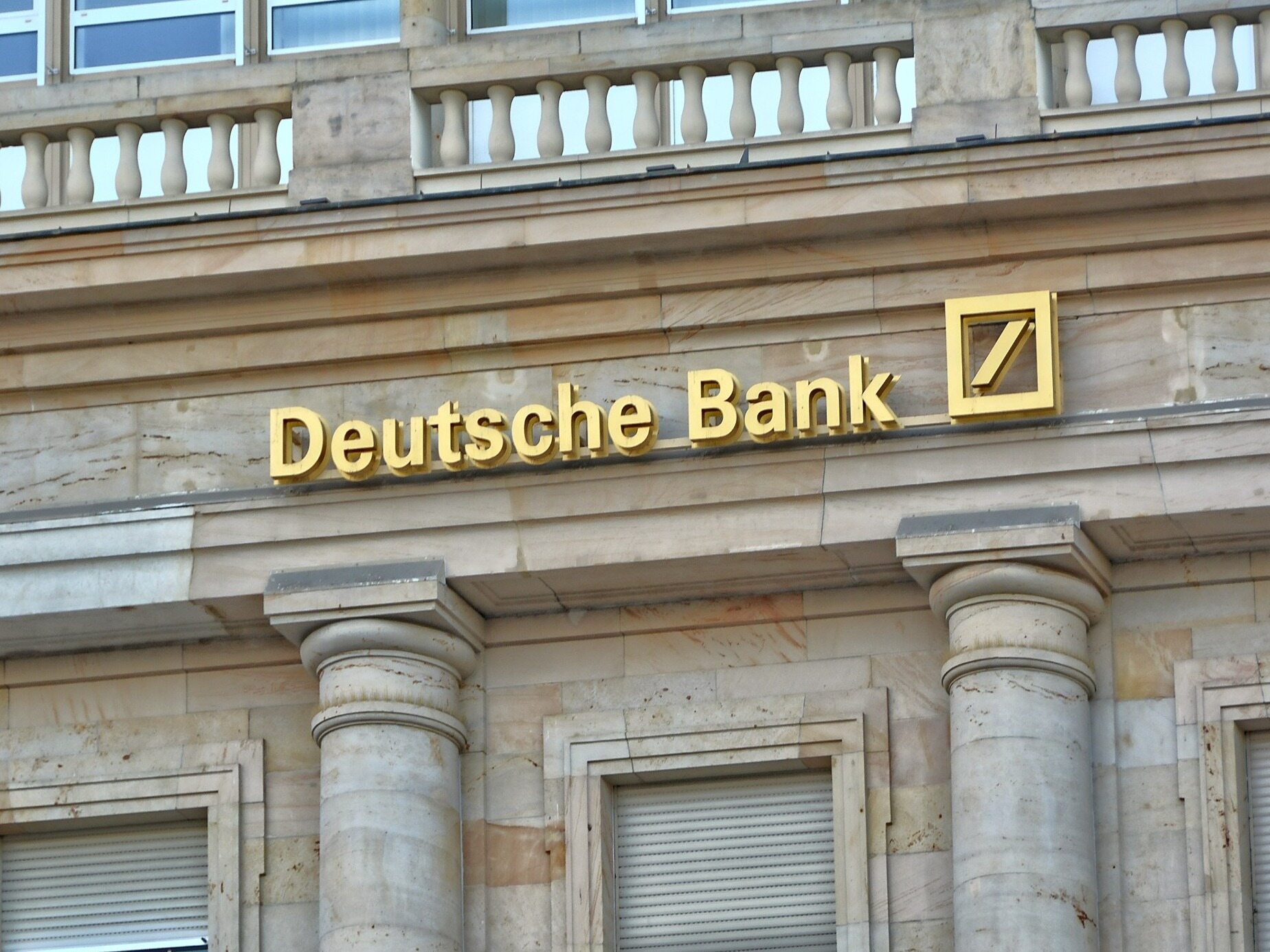 Deutsche Bank: Część akcji w Rosji zniknęła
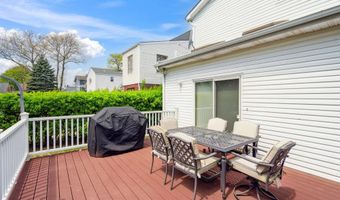 44 Netz Pl, Albertson, NY 11507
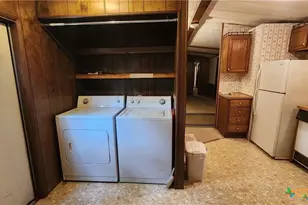 2105 E North St, Victoria, TX 77901 - Photo 15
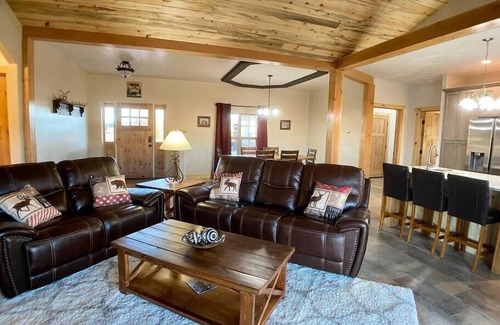 Pagosa Highlands House | Lake Hatcher Retreat-w/Mtn Views! 1 story-3/2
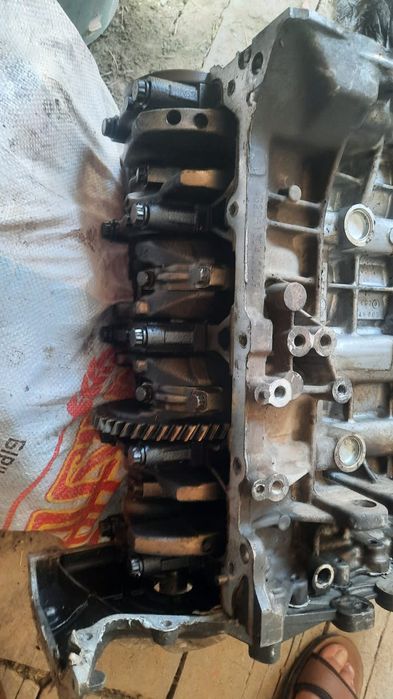 Джили Эмгранд х7  крассовер.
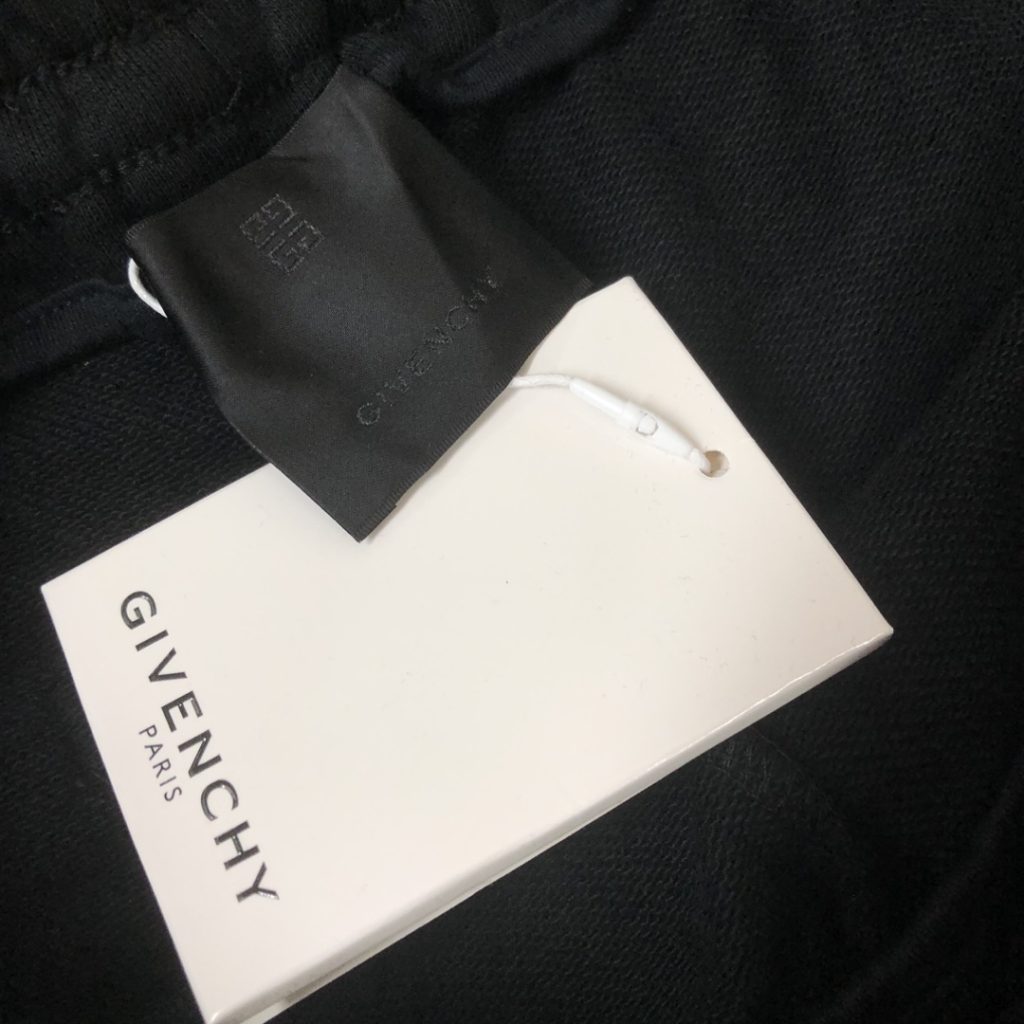 GIVENCHY(ジバンシイ) スーパーコピー 業界最高い品質 カップルタイプ夏カジュアルプリントショートパンツ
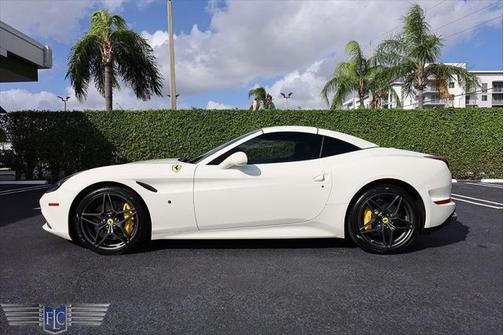 2015 Ferrari California T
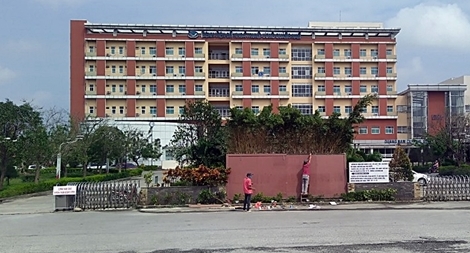 1 bác sĩ, 2 điều dưỡng tại Bệnh viện Đa khoa Trung ương Quảng Nam mắc COVID-19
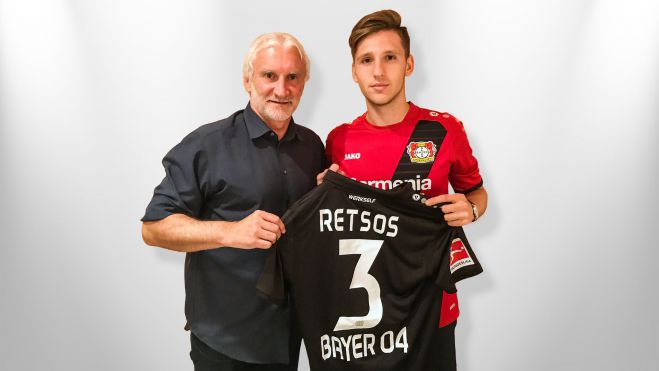 Ο Αρκάς Παναγιώτης Ρέτσος με τη φανέλα της Bayer Leverkusen, δίπλα στον Ρούντι Φέλερ!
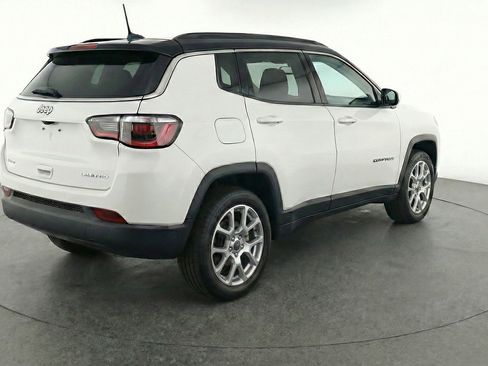 Used 2025 Jeep Compass Limited image 9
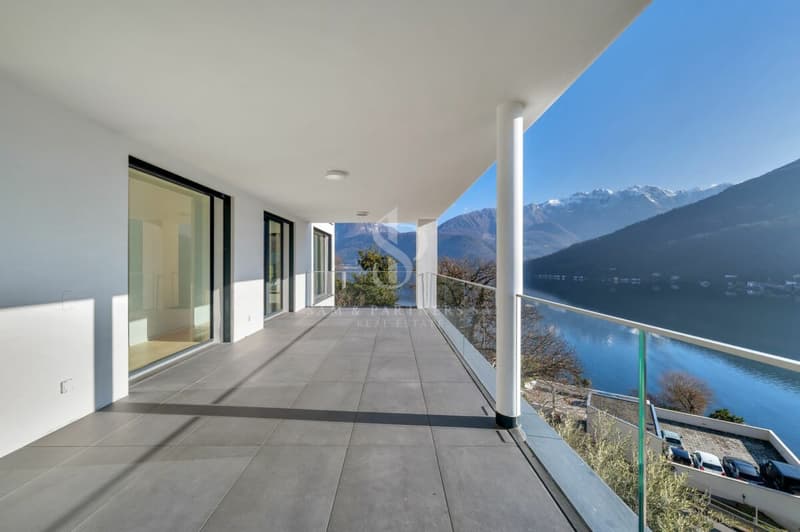 New Villa with Lake View (6)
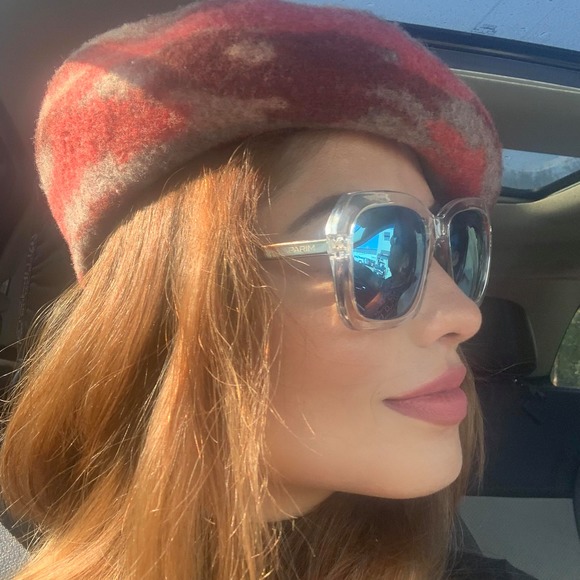 Meet your Posher, Jazzmine - Picture 1 of 1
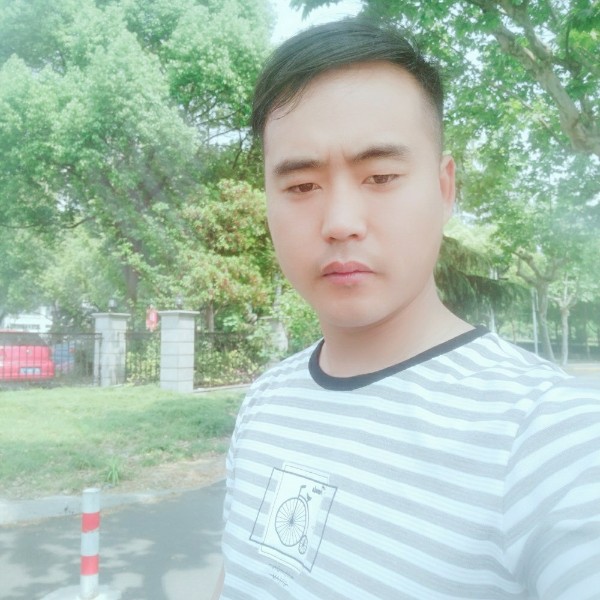 嗨    彬的照片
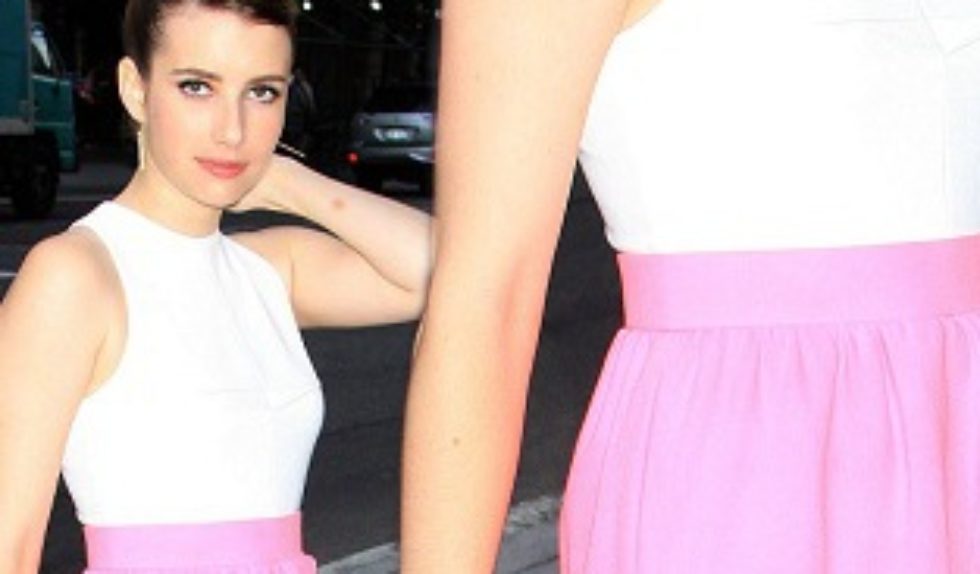 Emma Roberts w biało-różowej sukience Emma Roberts w biało-różowej sukience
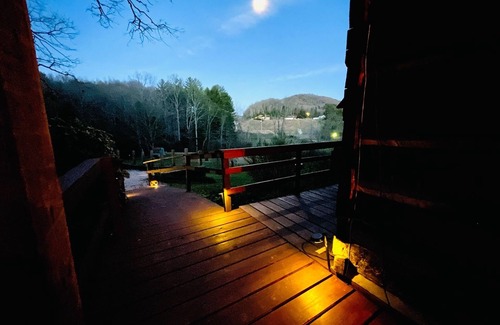 Burnsville Cabin | Charming Cabin Getaway in Burnsville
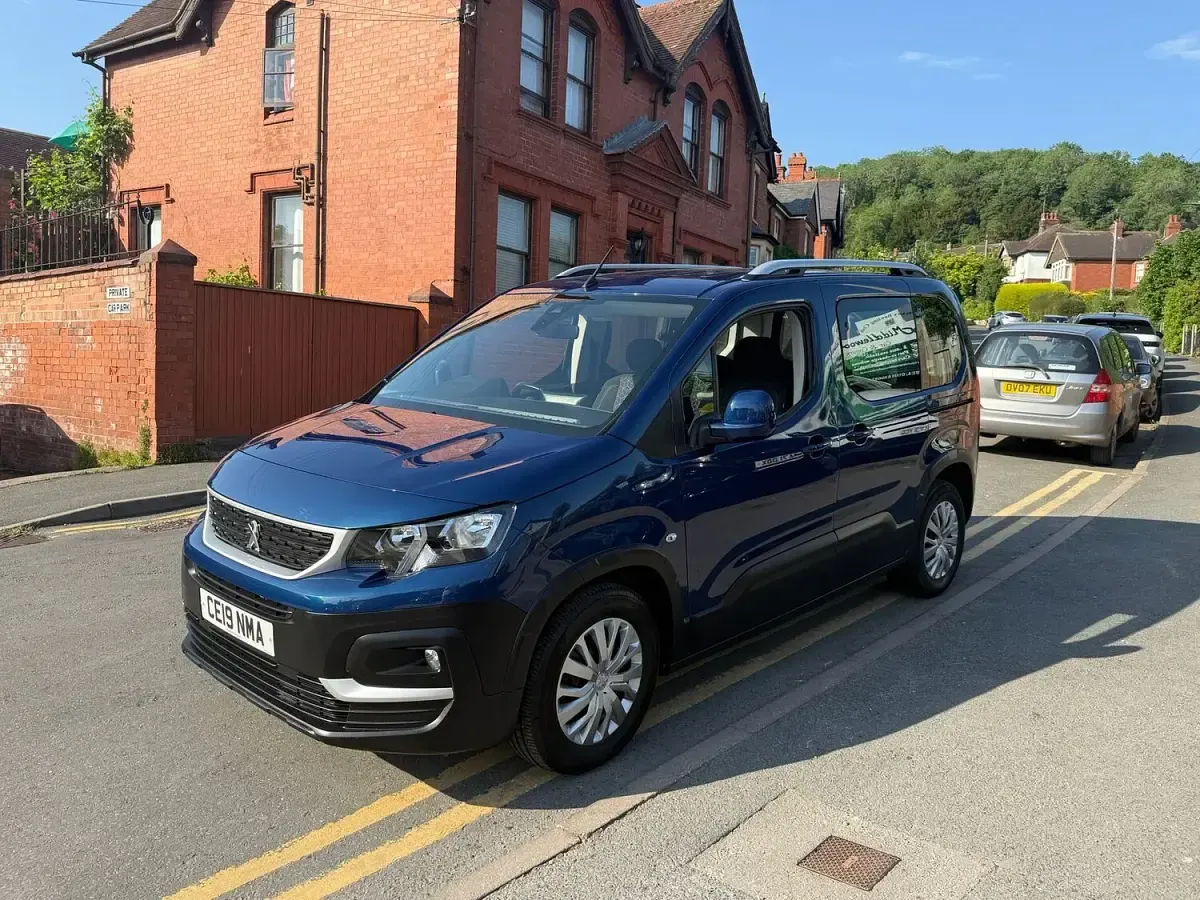 Used Peugeot Rifter Active 130 HP (95 kW) 2019 Blue MPV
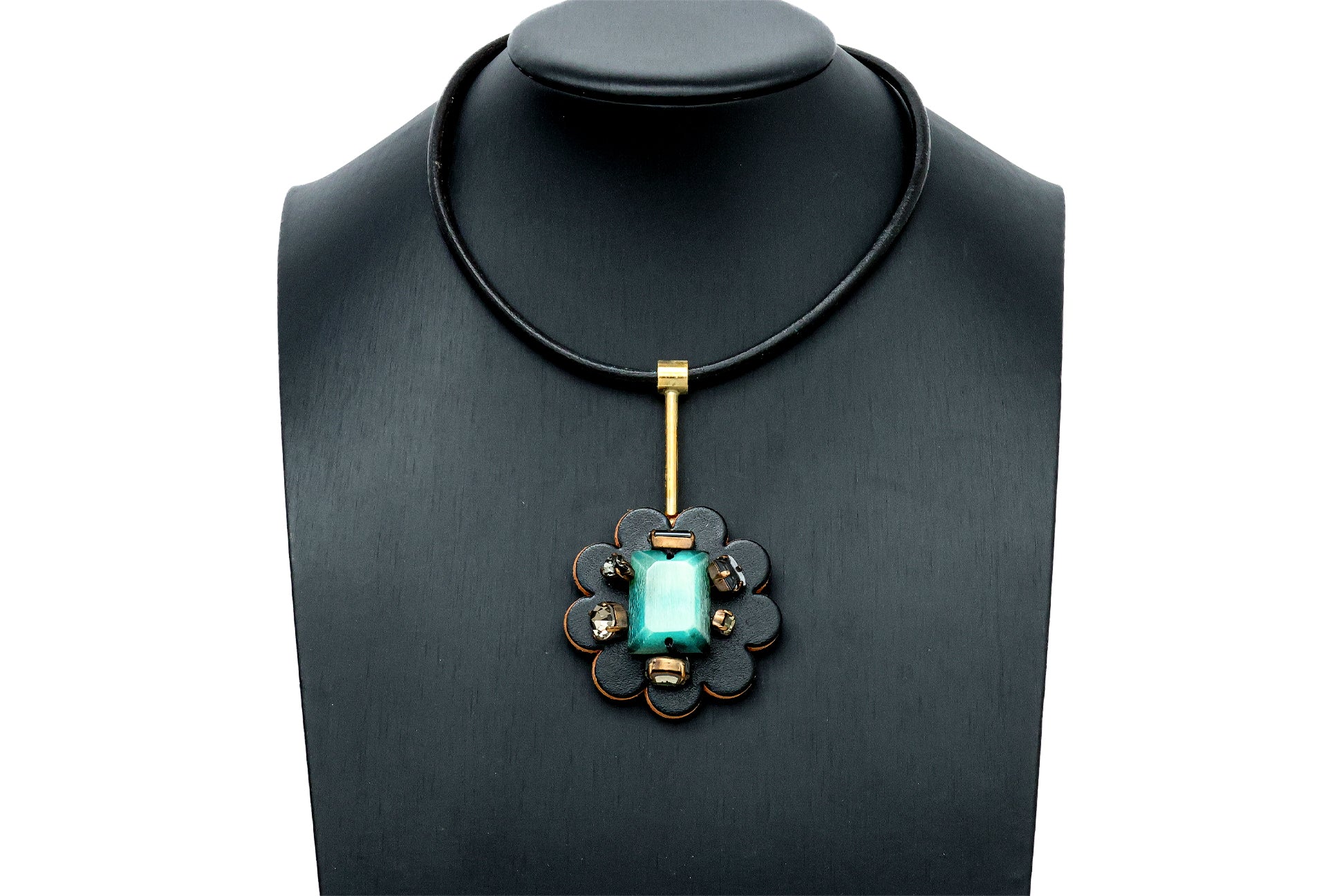 MARNI - A FLORAL STATEMENT NECKLACE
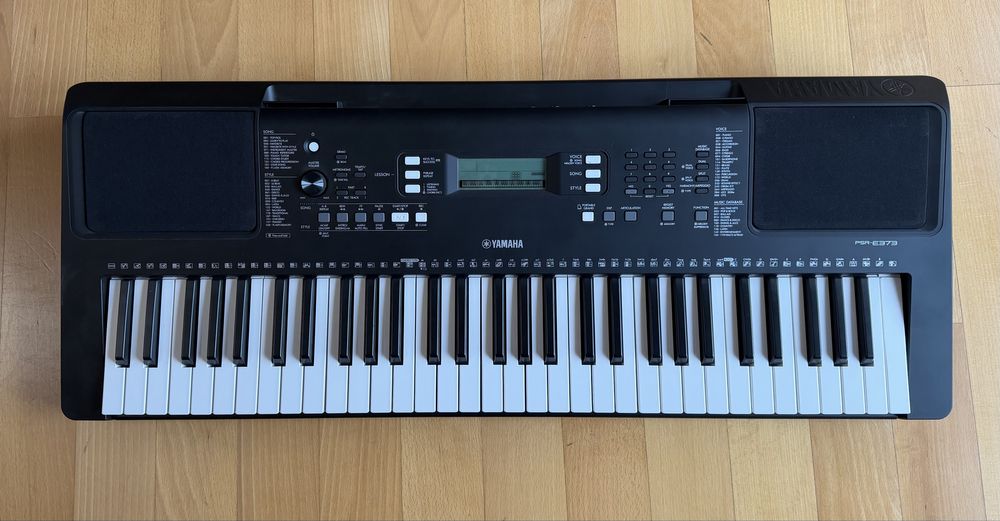 Piano Yamaha PSR-E373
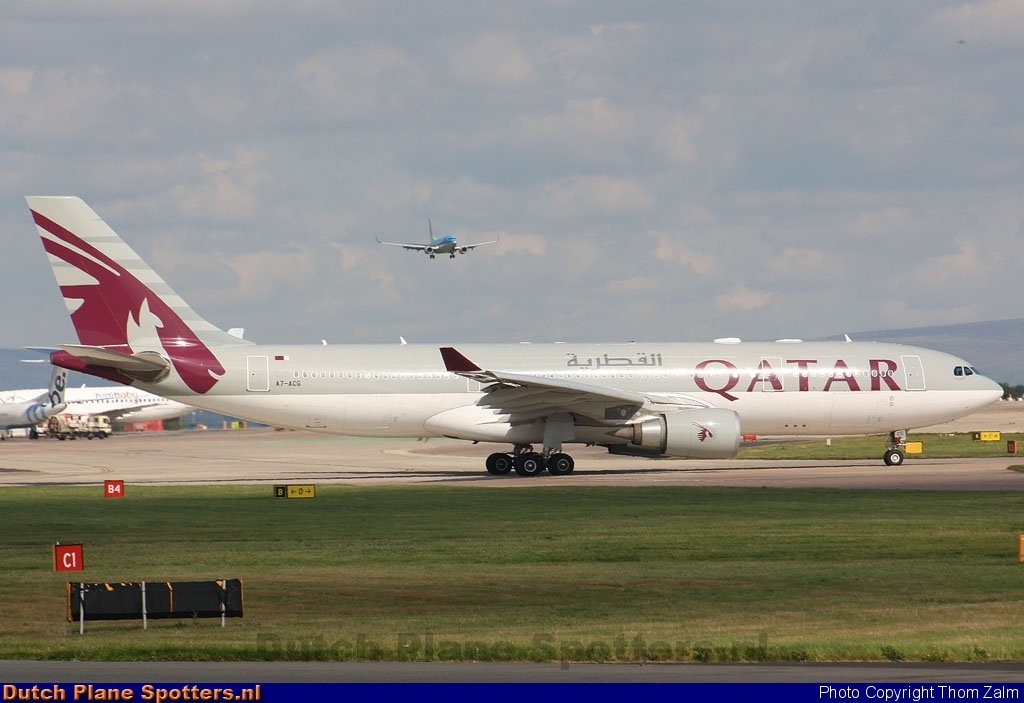 A7-ACG Airbus A330-200 Qatar Airways by Thom Zalm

Work item ->
Final task for the records above: print exactly the lines from the one that contains "Emma Roberts w biało-różowej sukience Emma" through the last line, both ends included, pictures excluded.

Result ->
 Emma Roberts w biało-różowej sukience Emma Roberts w biało-różowej sukience
 Burnsville Cabin | Charming Cabin Getaway in Burnsville
 Used Peugeot Rifter Active 130 HP (95 kW) 2019 Blue MPV
 MARNI - A FLORAL STATEMENT NECKLACE
 Piano Yamaha PSR-E373
 A7-ACG Airbus A330-200 Qatar Airways by Thom Zalm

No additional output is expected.